This is where it all began for me and this game I so truly love. By finding balls with a friend along the left side of hole 10 when I was 8 and then hitting them back onto the driving range with a club I'd borrowed from my friends mother. I wasn't a member at first and the owners wife, a Greek lady, who spoke funny English I thought, was mad at us, even looking for balls in the woods\brush wasn't to popular. I remember telling my father about her and suddenly we were members and I started picking balls for the Head Pro Scott Nash instead. I can remember his first attempt to help me with my game, he just wandered over to me one day while I was digging into the dirt and showed me how to hold the club correctly - man that was a weird feeling I remember thinking, how am I going to hit the ball now? Well, it didn't take more than a few swings and I stopped digging and started playing...

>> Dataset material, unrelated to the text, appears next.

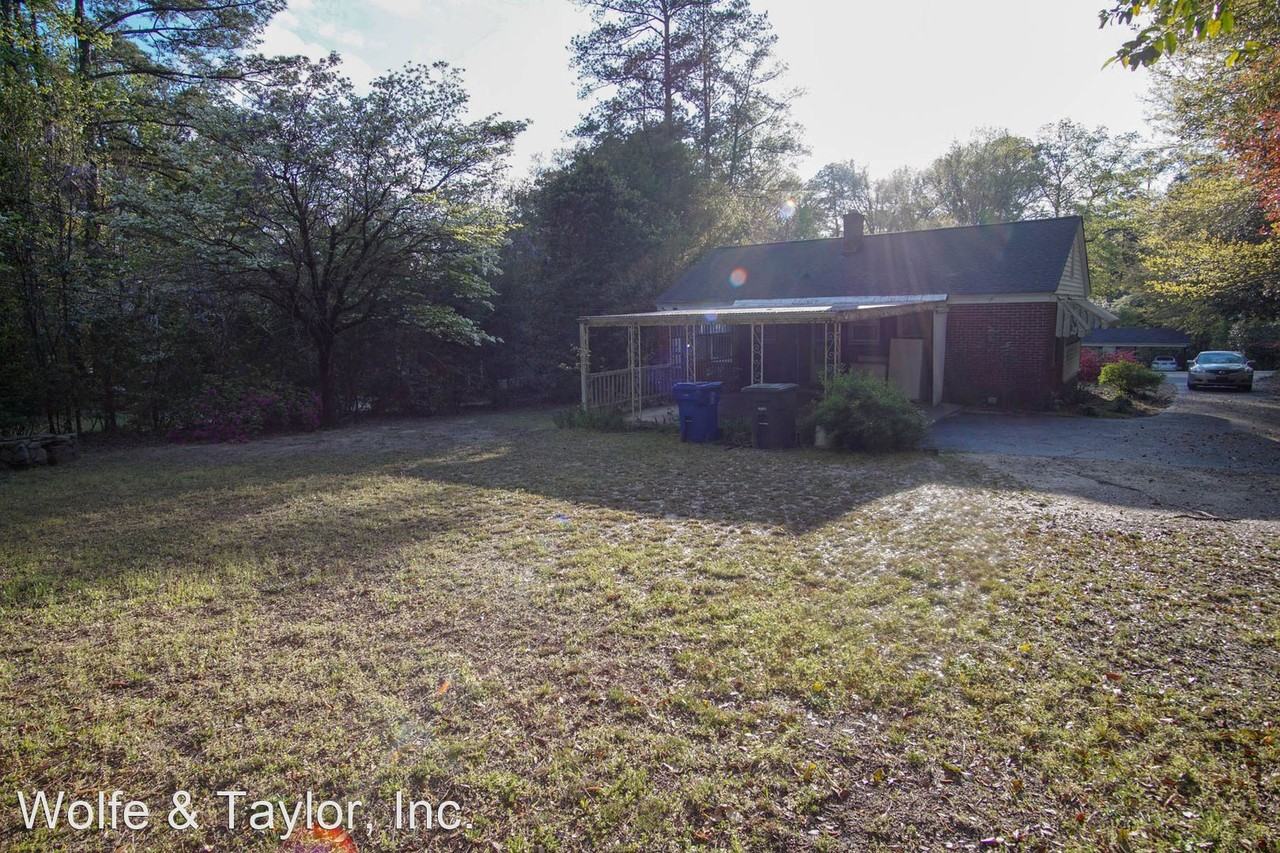 2528 Glenwood Rd - Photo 3 of 10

I never thought I'd come this far actually. I was a hoopster, a basketball player really- that was my first love in sports but there was something about that little white ball that I couldn't get enough of during the summer. I'd even skulk on the basketball practicing many times and walk up to the club and spend hours just playing, chipping and putting. Bugging Mr. Nash in his shop and always asking for tips about this funny but addictive game. He always, well, almost always just smiled and had something positive to say, I'm sure sometimes he'd had enough of all the questions I'd have and was to busy but I never really saw him get mad or be cross with me or anyone for that matter. He was a popular guy and a good teacher. Putting was his nemesis, at least that's what he said and occasionally I'd see him practicing those 3 to 8 footers and I'd see the frustration mount- I understood then how important it was to learn to roll the ball well and I'd copy his drills. Being a good putter is like having a secret weapon and is the difference between winning or losing. I learned that from him and I am forever grateful.

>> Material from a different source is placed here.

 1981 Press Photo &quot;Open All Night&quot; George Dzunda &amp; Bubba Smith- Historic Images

Spending hours and hours this winter on it - more than I ever have really and of course I'm hoping the accumulative time will pay dividends this season. One has to be, have hope and belief in oneself to stand there for hour upon hour doing 'the fools work' in a sense. Doing the exact same thing over and over, thousand upon thousands of times and just have faith that it will all pay off in the end. Taking it seriously but playing the game in your mind and seeing the results without putting to much pressure on yourself. Letting it go and being kinda of like a fool in heart. One will never know unless one tries, to give yourself a fools chance of making it but believing in yourself at the same time, the god given talent one has, the eye hand coordination just given at birth and work like a crazy person in search of this fool's life. Maybe in the end it'll be not..not a fool's life but a winner at this game, this funny game that mirrors life in so many ways and maybe just maybe it will all pan out as one can see it in the fool's eye's.
Most of the courses are opening here in the far north where I live and it's going to be fun, to get out there and play. Remembering each time where I actually come from, Rock Creek Country Club and represent them with pride each and every time. Thinking back to the fool's life of a child who dared to dream big about basketball but ended up seeing that the best game is not the big round ball but the little white one. It's never to late to start, to dream like a fool would, without doubt or self judgement and just go for it. Live the fool's life...
A special shout out to Mr. DaSilva, Director of Golf and everyone else at Rock Creek Country Club!!